→ DATA BELOW:
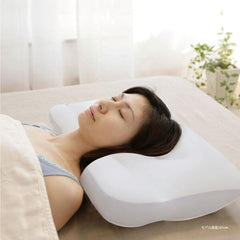 King's Dream Pillow 2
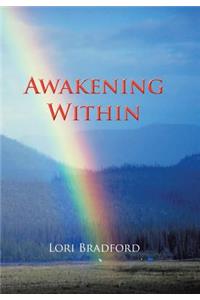 Awakening Within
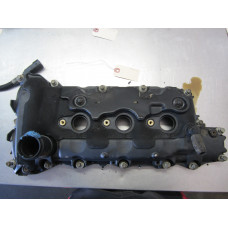 12L002 Left Valve Cover From 2012 GMC Acadia  3.6 12647771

→ YOUR TASK:
Omit the pictures and print the listing exactly.

→ SOLUTION TO THE EXERCISE:
 King's Dream Pillow 2
 Awakening Within
 12L002 Left Valve Cover From 2012 GMC Acadia  3.6 12647771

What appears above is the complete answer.